I've watched Ash spring up and build steam over these past several years with a bit of dread. From my perspective, it's kind of counter to the philosophy I liked in Elixir. I don't want to "derive" things based on a definition, for the most part. Elixir tends to avoid codegen and macros as much as possible, and José has recommended that if there _are_ macros, they should be a very light layer over calling functions, which should be the primary interface.
All this is said without having tried Ash, so I could be way off base. But I've been mostly ignoring it and wondering if I'll have to actually use it someday, and then be back in Rails-y magic land. I also use Scala at work, and saw how a philosophical split in the community just kind of trashed the language (from my perspective). It used to be a cool, better Java, but then those dang Haskell type astronauts found it and made everything impossible to understand.

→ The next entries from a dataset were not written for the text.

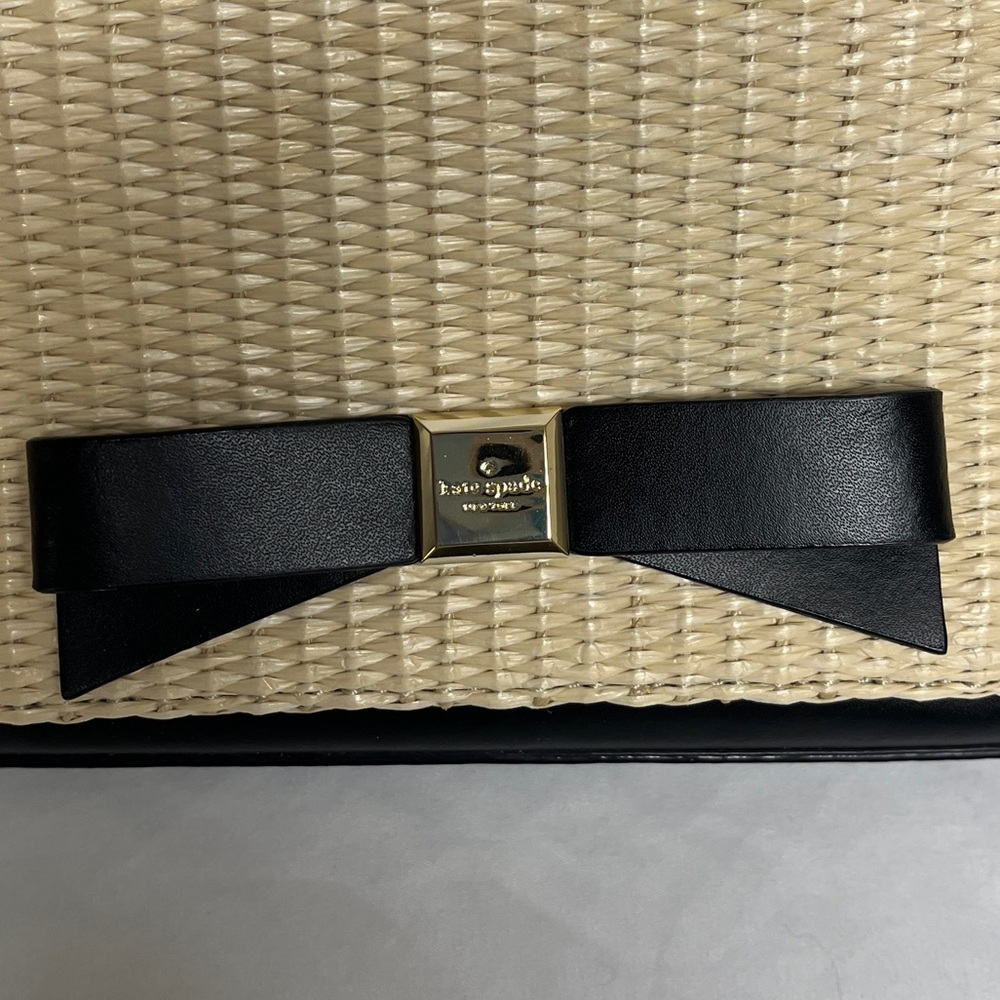 Kate Spade EUC Black and Cream Woven Clutch, Magnetic closure, clean edges - Picture 6 of 11
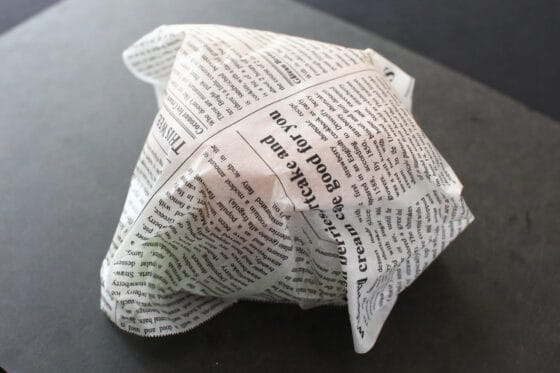 ハンバーガーをクッキングシートで包む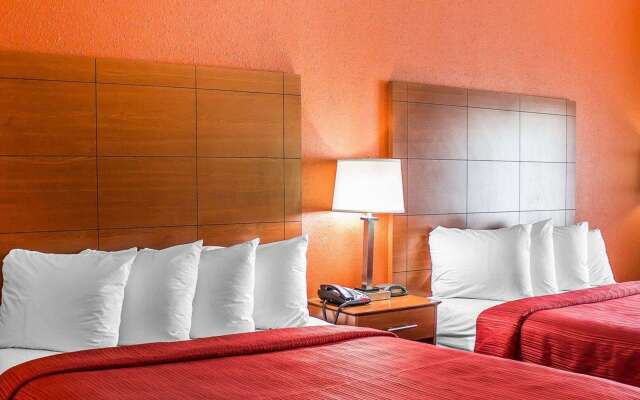 Quality Inn Manitowoc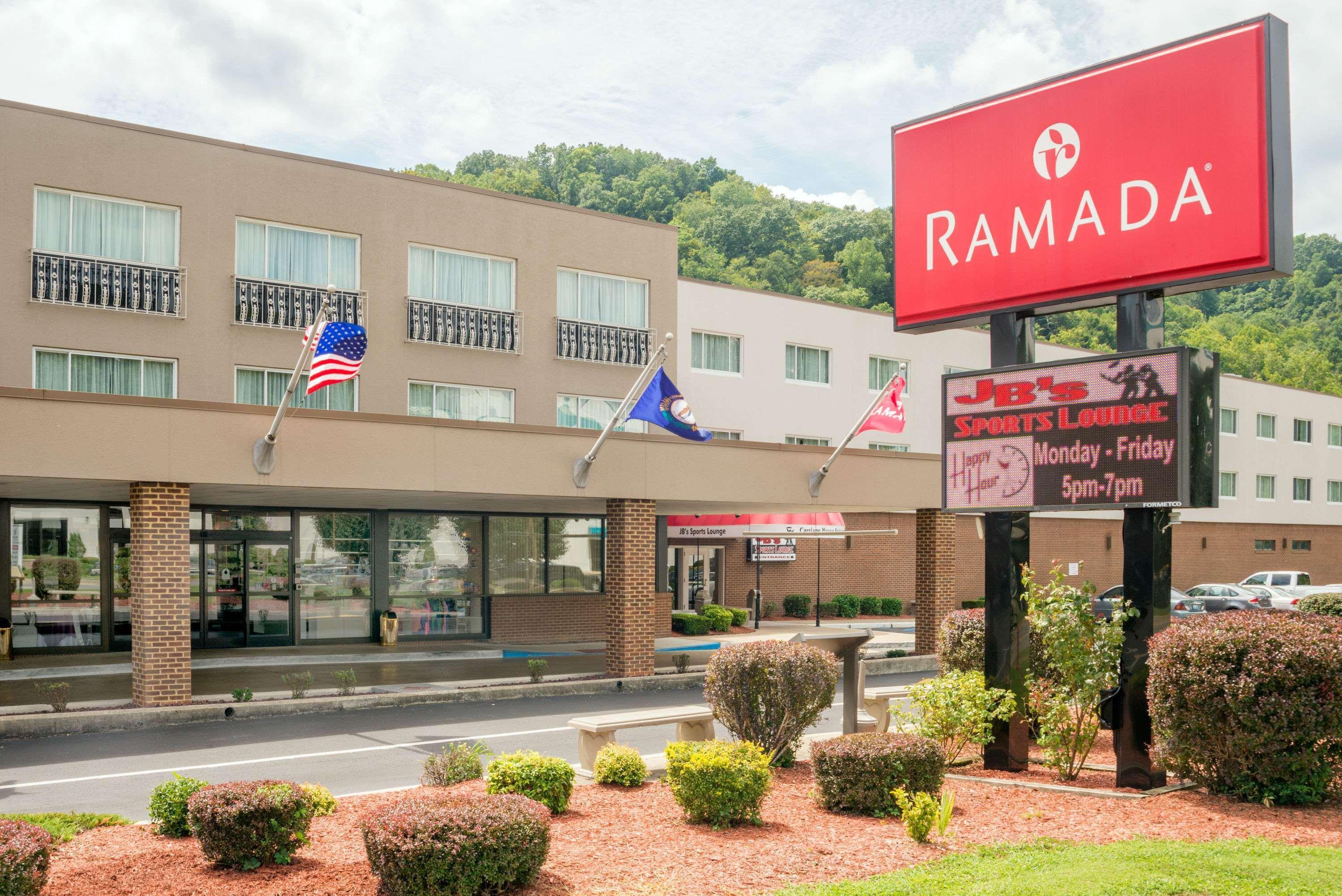 Ramada By Wyndham Paintsville Hotel & Conference Center Eksteriør bilde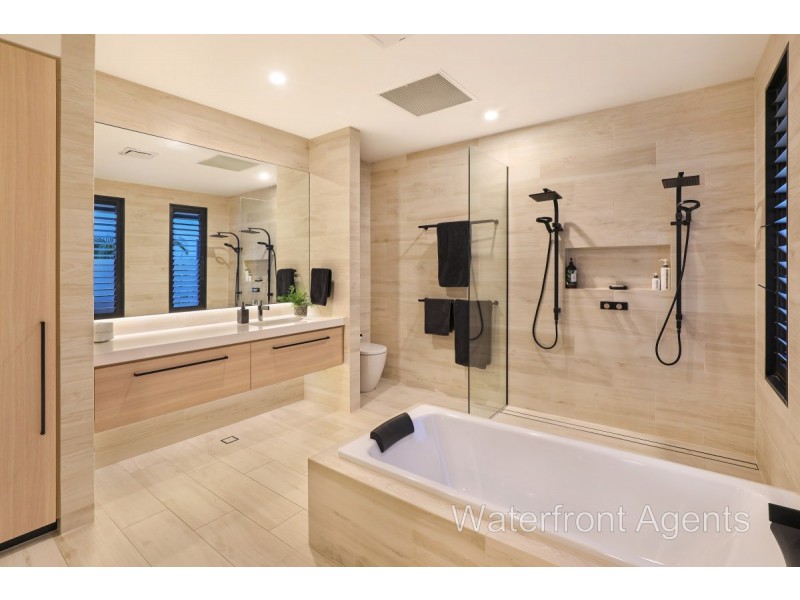 28 Kumbada Court, Minyama QLD 4575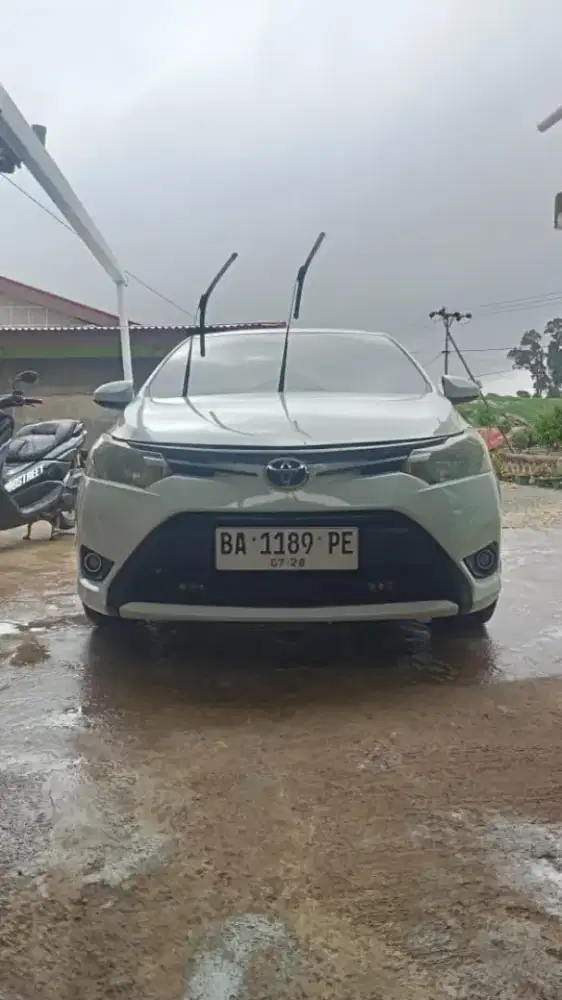 Bismillah, di jual mobil vios 2014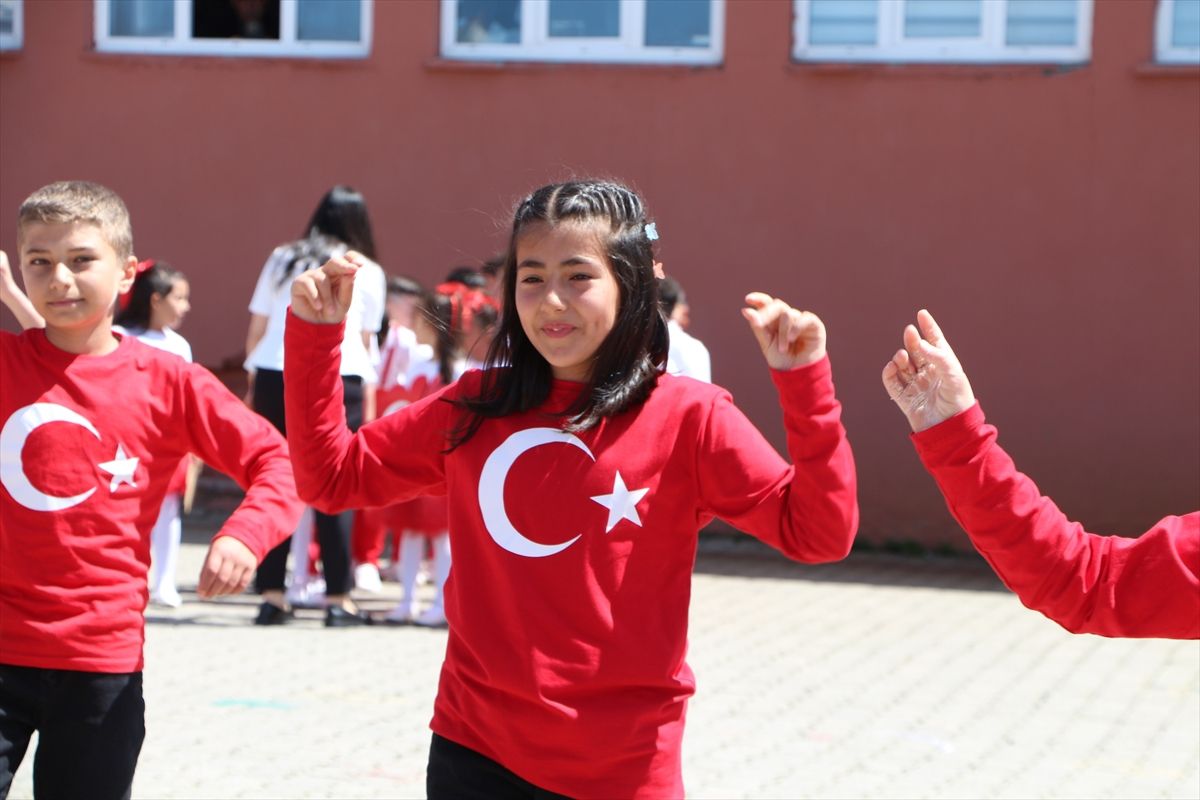 Karlıova’da 23 Nisan Kutlamaları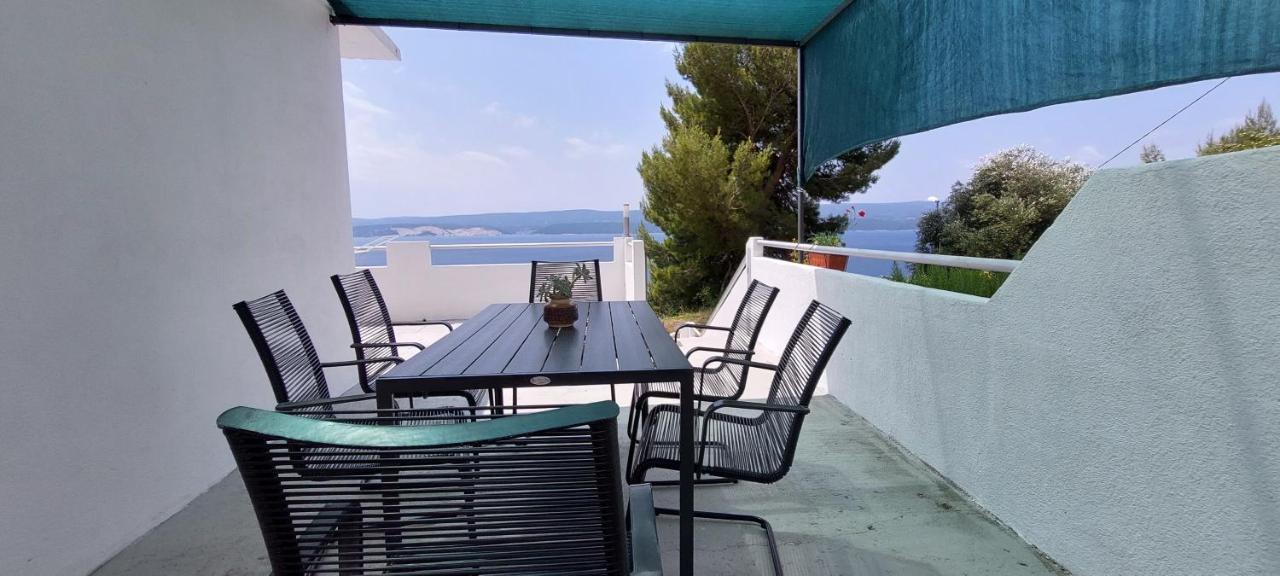 Apartments Dana 오미스 외부 사진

Just taking the automatic Authentication, for example: Phoenix settled on a `mix` generator for it, to actually put the code and logic into the app itself. This is surely informed from José's years of experience maintaining Devise. If the best those two could come up with is a code generator, then I'm skeptical whatever Ash does here will be better. It feels like it's just heading right back to Devise land. And that was a successful place, and Rails and all its gems are still around, but that's kind of the "old world" philosophy and again doesn't square with us old Elixir developers who were Rails refugees.